Apache running Cook Inlet test seismic
Apache, the Houston-based independent that arrived in Alaska last year, is currently running a seismic line onshore and offshore the west side of Cook Inlet, testing a new seismic acquisition technology that the company hopes will open the way to a multiyear 3-D seismic program in the Cook Inlet basin, Steve Adiletta, Apache senior geosciences advisor, told a House Resource Committee “lunch and learn” session on March 31.
“So far things are working very well,” Adiletta said.
Apache expects to know the results of the test around early May. And, if the data quality is good, the company should obtain permits in the fall for a 3-D seismic program. That program would likely last two to three years and would hopefully provide the necessary data to identify potential drilling prospects.

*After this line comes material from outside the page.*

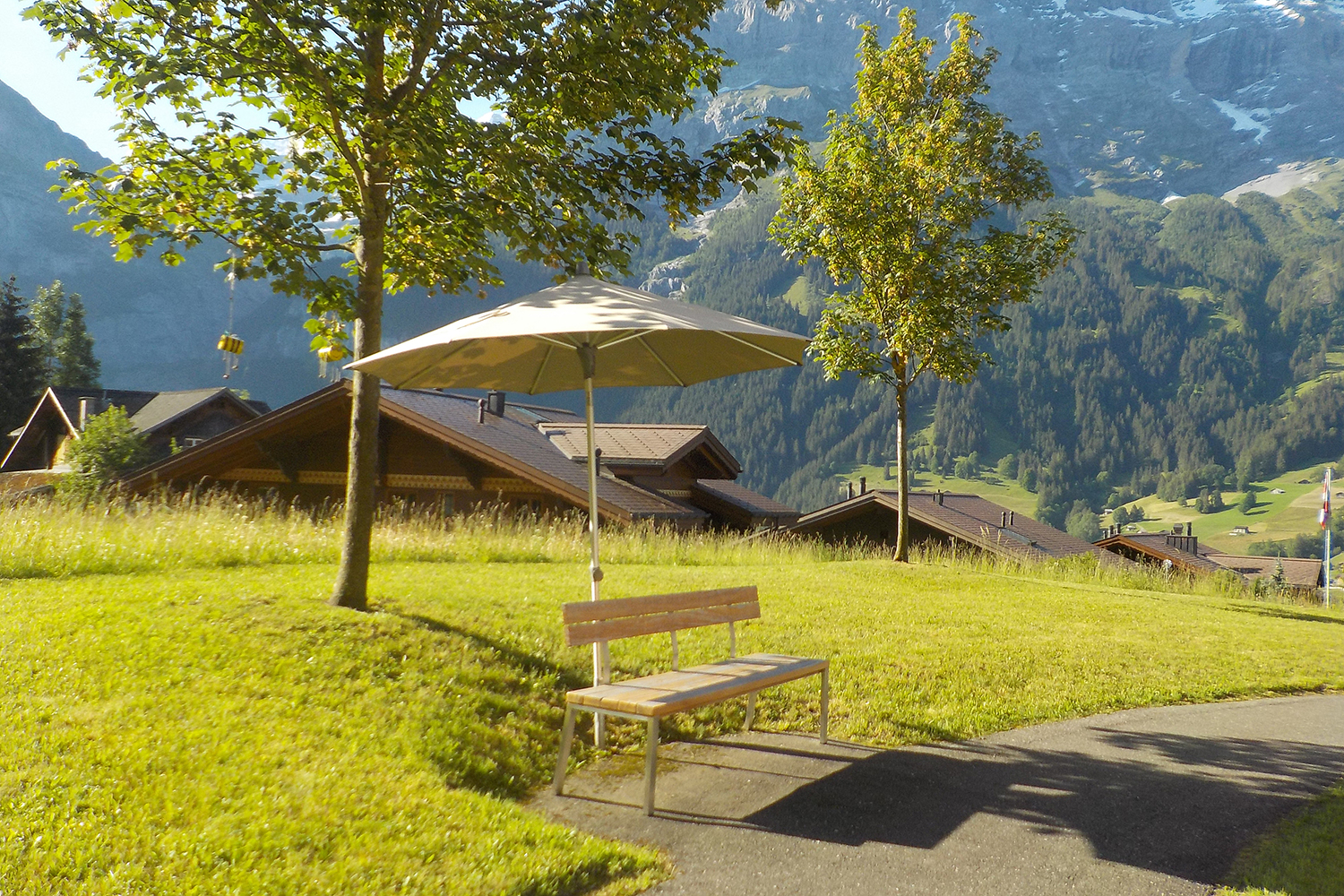 
                                Aussenbereich Altersheim Grindelwald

Apache likes to innovate with new technologies in petroleum basins that major operators are starting to leave, and the company identified the need for 3-D seismic in the Cook Inlet basin as essential to the exploration for new oil resources in the basin, Adiletta said. Apache is mainly interested in finding and developing oil, rather than gas, in Alaska — independent surveys by the U.S. Geological Survey and Alaska’s Division of Geological and Geophysical Surveys have indicated the possibility of several hundred million barrels of undiscovered oil in the Cook Inlet basin, he said.

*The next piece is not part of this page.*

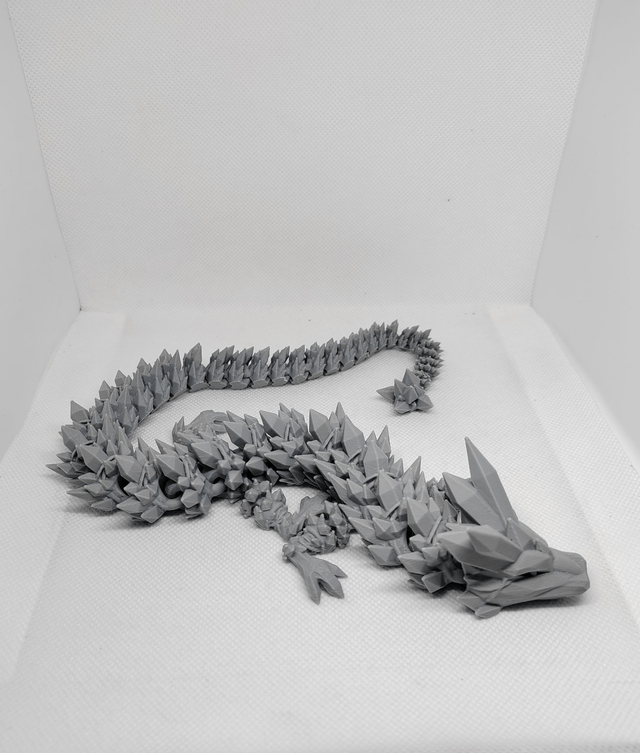 Dragon cristal aux yeux jaune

Wireless recorders The seismic technique that Apache wants to use involves the use of wireless sound recorders in the form of coffee-can sized units for placement on the ground surface or for burying, or in the form of small disks that can be dropped in the water offshore, Adiletta said. A single seismic crew could use the technology, both onshore and offshore. And Apache has established a lease position with leases scattered around the Cook Inlet region, thus enabling the seismic crew to move from one area to another as required to accommodate environmental issues such as the avoidance of beluga whales.
Apache, now one of the larger leaseholders in the Cook Inlet basin, has deliberately acquired leases scattered around the basin, with one-third onshore, one-third offshore and one-third in the transition zone, to enable the company to explore for oil all around the basin, Adiletta said.